We can't defund police, but we can take aim at root causes of crime, councillor says
Coun. Rawlson King says defunding the police 'not possible' in local context
An Ottawa city councillor says while it's not feasible to defund the Ottawa Police Service, it is possible to increase funding toward social programs that address the root causes of crime.
To that end, Rideau-Rockcliffe Coun. Rawlson King is calling on the federal government to put $15 million toward social service programming in the city.
"We need senior levels of government to provide the correct amount of funding to social services so that we can actually address the root causes of crime and the root causes of marginalization of neighbourhoods," King said.
It's not straightforward to say we can take money from one envelope and put it into another.- Coun. Rawlson King
King said $5 million could go toward community health and resource centres, which provide health services integrated with employment help, food banks and other social supports.
He said those kinds of services help empower people to make the right choices for themselves and their neighbourhoods.
"When you have challenges, especially hunger, those are root causes of crime. If you don't have proper opportunities, educational opportunities, recreational opportunities, to enhance your position in life, you're going to make the wrong choices," he said.
King said as little as $5,000 could support an after-school program aimed at keeping young people on the right track, the kind of modest yet effective initiative he's seen struggle to maintain funding.
While defunding the police has become a popular rallying cry, King said it's impractical in the local and provincial context because city councils in Ontario are restricted in how they can direct local police services, and adequate police funding is written into the law.
"Structurally, it's not possible to defund the police in the manner that it is in the United States," King said. "It's not straightforward to say we can take money from one envelope and put it into another."
Last month, King, who is also Ottawa's first-ever liaison on anti-racism, asked city staff to lay out potential options for engaging the public on the subject of police reform.
In their response, staff said municipalities have limited control over the size and mandate of their police services, which fall under provincial jurisdiction.

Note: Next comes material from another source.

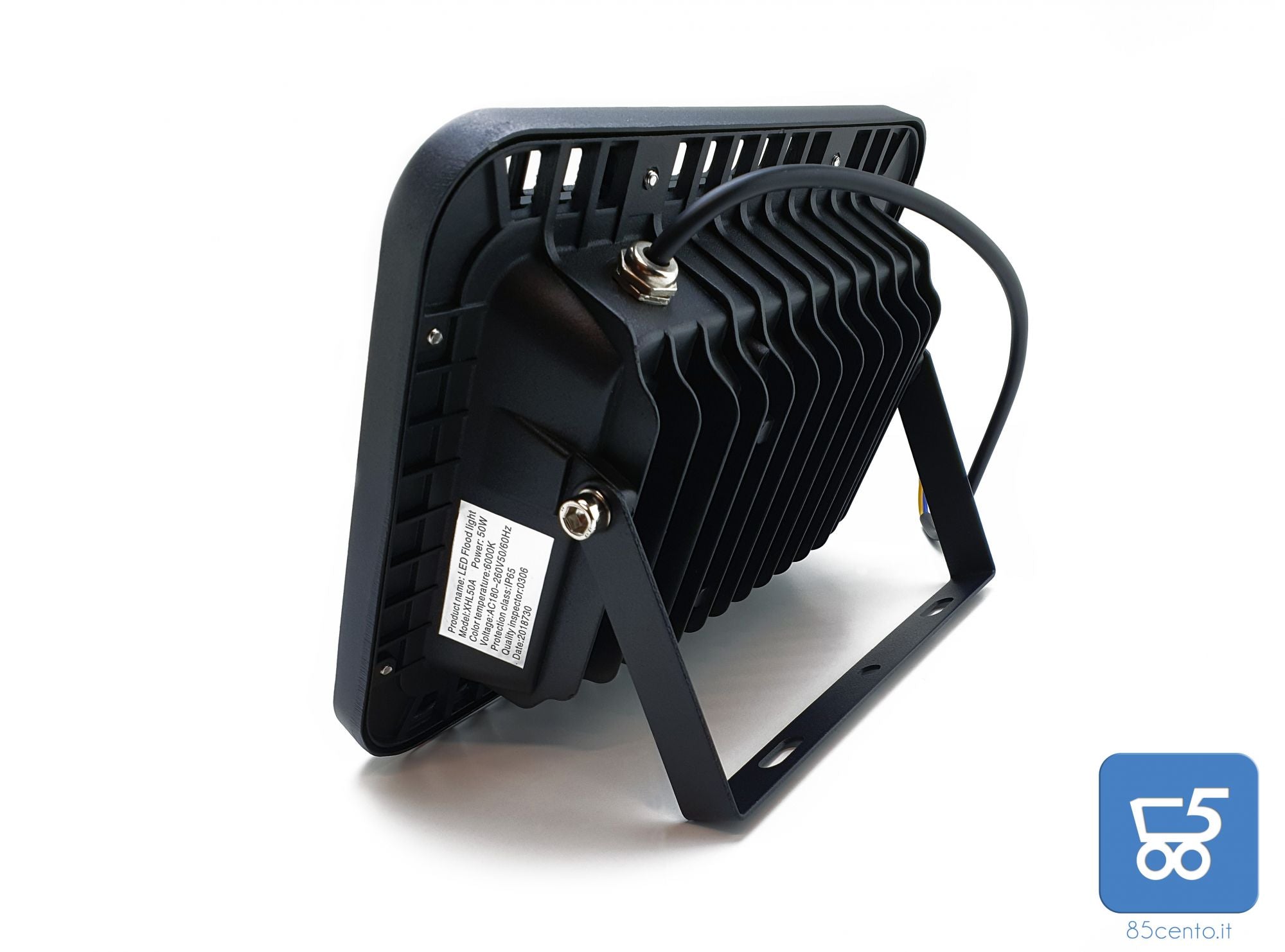 Faro LED COB faretto Esterno orientabile 50W luce fredda 4000lm 120° per piazzale giardino parcheggio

Ottawa's police services board controls the budget, and the Ontario Civilian Police Commission can overrule any cuts that are deemed detrimental to police fulfilling their legal requirements.
Building on success
Kelli Tonner, co-chair of the Coalition of Community Health and Resource Centres of Ottawa, said the centres are eager to be part of the conversation about improving social services and fighting anti-Black racism.
She said King's funding proposal would provide an opportunity to build on existing initiatives, such as the counselling teams that are called into communities after violent incidents.
"They could be incidents of gun violence, trauma, suicide — situations where the community as a whole is impacted," Tonner said.
"The idea is that perhaps with additional investments we could look at reorganizing how we work, and perhaps send out teams of crisis intake and counsellor workers to try to address things before they happen."
She said health centres can build relationships in the community to help de-escalate situations involving mental health issues. Tonner said right now, community needs have outpaced the dedicated funding for health and resource centres.
Beyond short-term fixes
Suzanne Obiorah, director of primary care and regional programs at Ottawa's Somerset West Community Health Centre, said organizations like hers often rely on short-term funding.
"We can't address systemic issues with short-term funding," Obiorah said. "The issues that exist in the community ... they don't go away when the funding envelope dries up."
In 2016, the Canadian Community Health Survey conducted by Statistics Canada found that Black Canadians were 60 per cent less likely than white Canadians to seek mental health treatment because of stigma, fear or poor interactions with health-care providers.
Obiorah said programs at the centre help break down those kinds of barriers by having the community participate in their design.
Recently, her centre started a support line specifically for Ottawa's African, Caribbean and Black community. The line, staffed three hours a day, aims to address issues related to COVID-19 that have emerged.
More stable funding would allow for longer hours of operation and could even turn it into a permanent resource, she said.